If one American city can lay claim to being the root of American music, it’s New Orleans. Detroit, Memphis, Nashville, Philly, Kansas City, St. Louis, and Chicago are immeasurably important tributaries, but New Orleans – that port city which serves as bridge and gateway to countries and commerce, as point of synthesis for countless cultural influences – stands alone in its significance. It’s the cradle from which sprang jazz, blues, R&B, Cajun music and so much more. When Hurricane Katrina wreaked havoc on the city in August of 2005, the loss was incalculable in terms of both lives lost and cultural institutions and traditions either wiped out or severely, if not permanently, crippled.

In New Orleans Music in Exile, documentarian Robert Mugge (Sun Ra: A Joyful Noise; Sonny Rollins Saxophone Colossus; Gospel According to Al Green) tries to capture not only what has been damaged or erased, but whatever sliver of hope might be gleaned from the wreckage. He filmed over a two-and-a-half week period, not only in New Orleans but also Austin, LaFayette and Houston (places various musicians landed post-Katrina) and Philadelphia (where rock legend Dr. John is interviewed after a concert, some weeks after principle filming wrapped). There’s no experimenting with or pushing of the documentary form, and there’s no need for it. The real-life tale contains more than enough dramatic tension, not only around the hurricane but the reassembling of lives once the water recedes.

The film opens with harrowing news footage of the hurricane and its aftermath (homes under water; people being rescued from rooftops; citizens walking along the highway seeking refuge and help) and a cataloguing of the infrastructure failures and government ineptitude that deepened the effects of the tragedy. Interviews with local radio deejays and music critics contextualize and historicize New Orleans music and the myriad factors (including Native American traditions and the music of African slaves) that continue to make the city a unique port of cultural production. Cyril Neville notes that, “Each neighborhood in New Orleans was a village, and [the villages] had a lot in common but also a lot that was unique to them.” And it was in the intermingling of each village’s signature sounds that New Orleans music was born and flourished.

Performance footage from a wide array of performers – some globally famous stars, others local legends – is intercut with densely informative history lessons and sobering commentary on the New Orleans music scene in the wake of Katrina. While there is ample reason to despair of what is gone and irreplaceable, Mugge also captures the slivered hope and firm determination to rebuild and honor not only the past, but the sparks that make the future a possibility.

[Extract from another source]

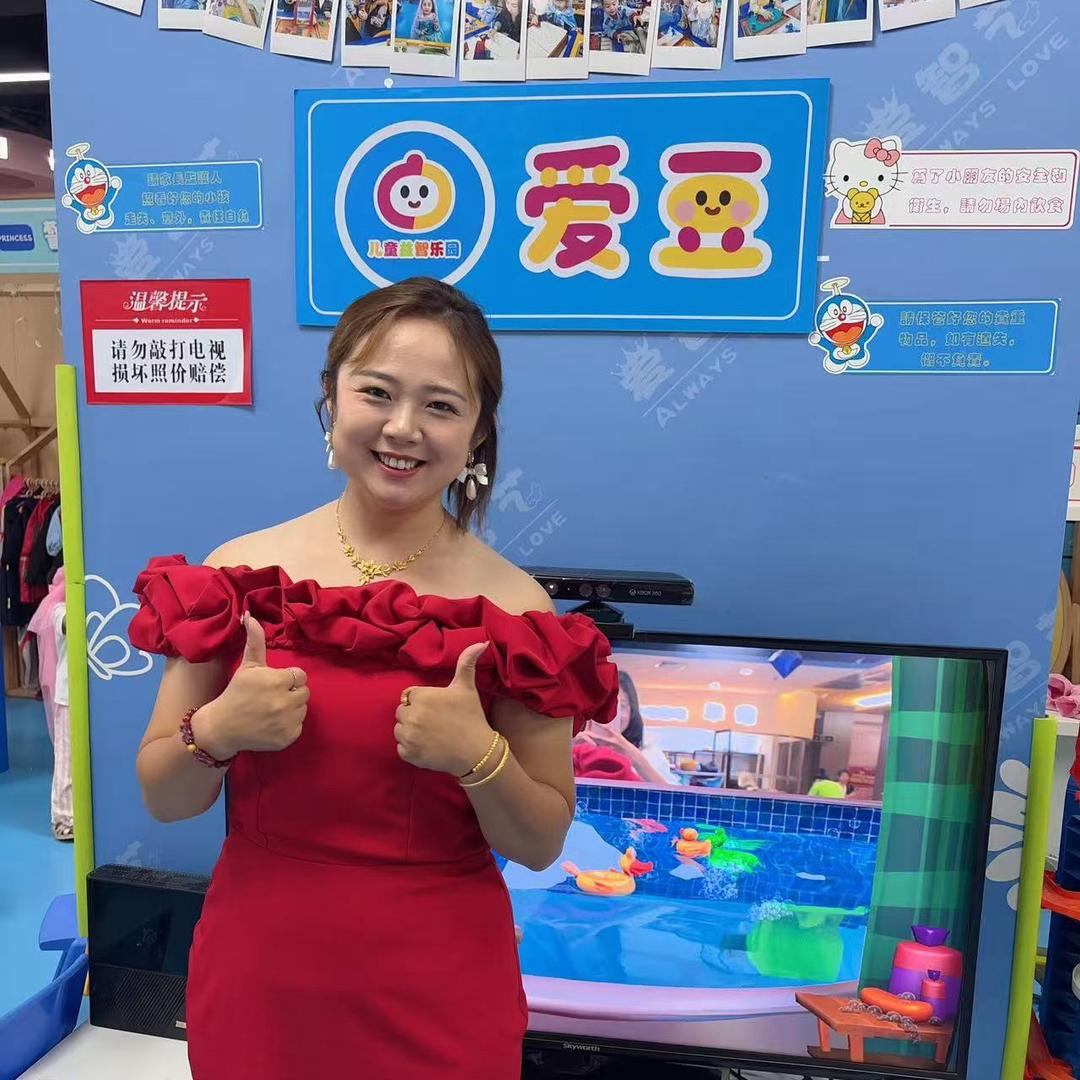 小尹真探（达人团长. 直播. 企业号拍摄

New Orleans Music in Exile is available on Blu-Ray November 18. In addition to the film itself, the release includes several bonus features: public radio executive David Spizale’s illustrated story of rescuing stranded residents from the New Orleans flood waters; Jon Cleary performing a personalized history of New Orleans piano styles; six musical performances not included in the film; and seven extended versions of performances which were are in the film – all of them shot and mastered on HD video.